Output every line below as it stands, dropping only the images.
STORED DATA: Begin
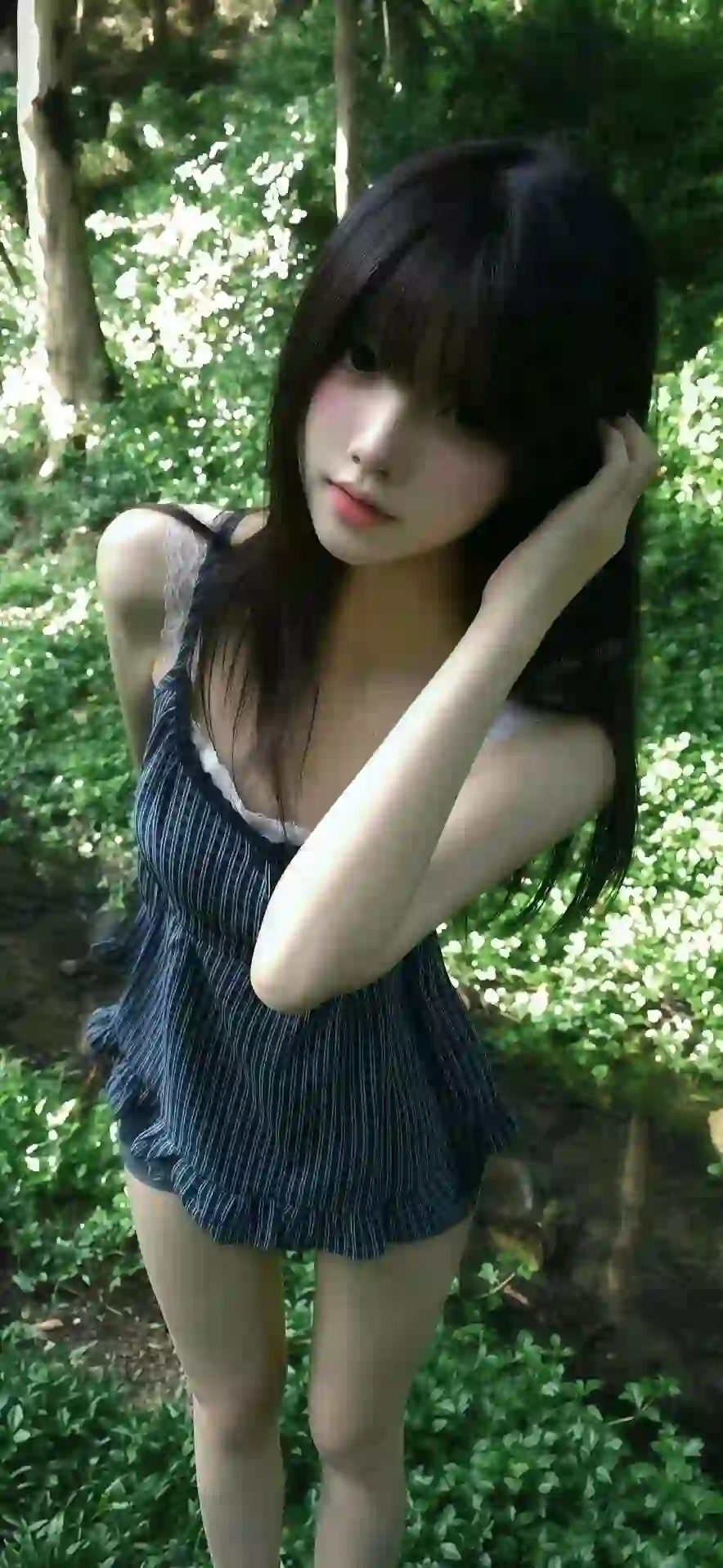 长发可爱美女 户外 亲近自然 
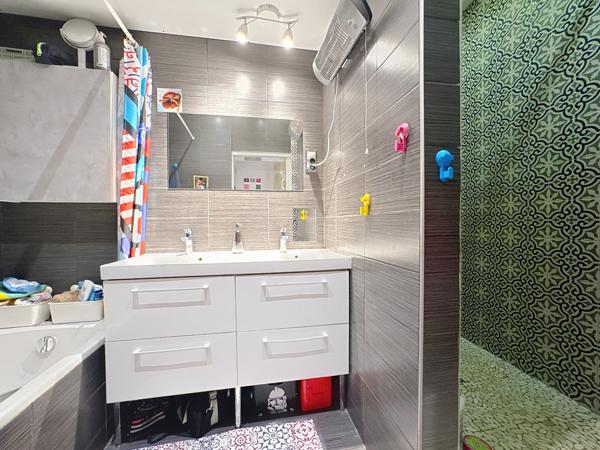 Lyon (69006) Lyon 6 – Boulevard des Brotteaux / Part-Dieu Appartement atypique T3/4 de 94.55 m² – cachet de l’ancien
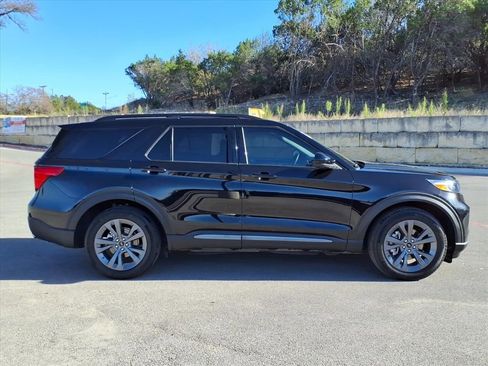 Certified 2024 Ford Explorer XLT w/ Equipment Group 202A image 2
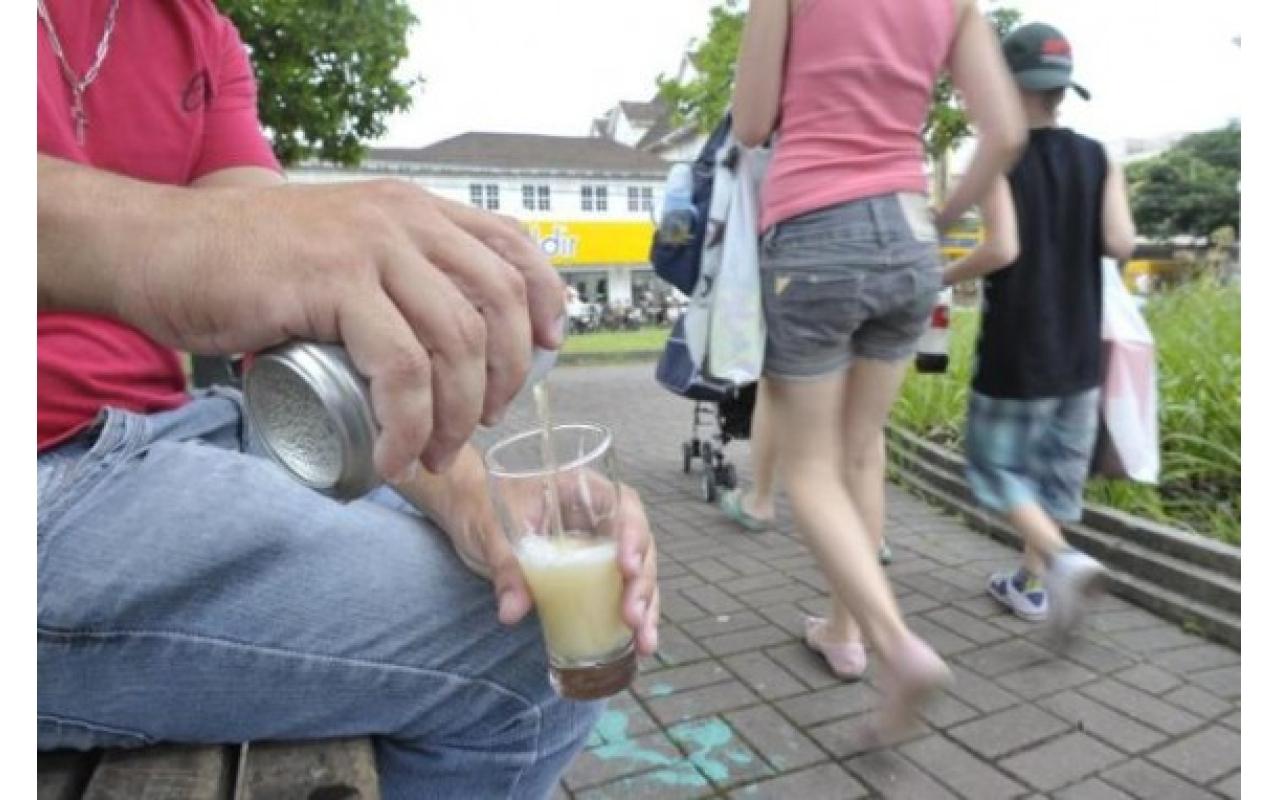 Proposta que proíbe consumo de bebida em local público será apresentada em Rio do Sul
STORED DATA: End
*RESPONSE:*
 长发可爱美女 户外 亲近自然 
 Lyon (69006) Lyon 6 – Boulevard des Brotteaux / Part-Dieu Appartement atypique T3/4 de 94.55 m² – cachet de l’ancien
 Certified 2024 Ford Explorer XLT w/ Equipment Group 202A image 2
 Proposta que proíbe consumo de bebida em local público será apresentada em Rio do Sul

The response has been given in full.